— Task prompt —
The answer must be one number: how many lines in the records below contain the string "Women".

*** Opening Data for the task ***

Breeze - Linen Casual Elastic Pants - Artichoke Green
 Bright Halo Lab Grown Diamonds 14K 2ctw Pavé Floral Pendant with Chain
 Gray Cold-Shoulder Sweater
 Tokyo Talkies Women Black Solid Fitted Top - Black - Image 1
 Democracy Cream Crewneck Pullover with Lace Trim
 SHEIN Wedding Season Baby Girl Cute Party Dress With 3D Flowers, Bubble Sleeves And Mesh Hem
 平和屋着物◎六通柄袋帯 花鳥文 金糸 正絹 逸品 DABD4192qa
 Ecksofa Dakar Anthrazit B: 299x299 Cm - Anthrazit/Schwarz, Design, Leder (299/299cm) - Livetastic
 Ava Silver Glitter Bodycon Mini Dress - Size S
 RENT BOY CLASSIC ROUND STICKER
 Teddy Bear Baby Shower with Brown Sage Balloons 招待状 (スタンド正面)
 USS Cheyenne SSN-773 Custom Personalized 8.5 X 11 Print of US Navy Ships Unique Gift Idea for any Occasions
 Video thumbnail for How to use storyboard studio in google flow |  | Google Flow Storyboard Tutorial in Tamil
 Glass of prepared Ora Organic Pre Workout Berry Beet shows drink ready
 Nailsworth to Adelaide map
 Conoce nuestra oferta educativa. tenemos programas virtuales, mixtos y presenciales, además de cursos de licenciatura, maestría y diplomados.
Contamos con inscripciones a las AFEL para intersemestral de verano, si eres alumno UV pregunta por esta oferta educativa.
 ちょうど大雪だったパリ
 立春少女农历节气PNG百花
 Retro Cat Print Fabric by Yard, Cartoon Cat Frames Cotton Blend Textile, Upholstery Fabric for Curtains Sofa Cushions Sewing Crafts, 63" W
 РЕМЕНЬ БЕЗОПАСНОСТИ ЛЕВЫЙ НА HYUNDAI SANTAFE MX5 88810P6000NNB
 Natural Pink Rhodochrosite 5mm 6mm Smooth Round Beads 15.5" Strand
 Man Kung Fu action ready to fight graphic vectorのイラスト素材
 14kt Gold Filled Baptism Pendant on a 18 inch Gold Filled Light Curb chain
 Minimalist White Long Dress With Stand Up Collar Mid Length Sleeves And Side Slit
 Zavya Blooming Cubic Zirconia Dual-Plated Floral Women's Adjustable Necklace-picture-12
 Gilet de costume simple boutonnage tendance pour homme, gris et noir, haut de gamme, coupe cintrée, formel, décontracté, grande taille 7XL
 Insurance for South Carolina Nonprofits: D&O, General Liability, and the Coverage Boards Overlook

*** Closing Data for the task ***

— Task result —
2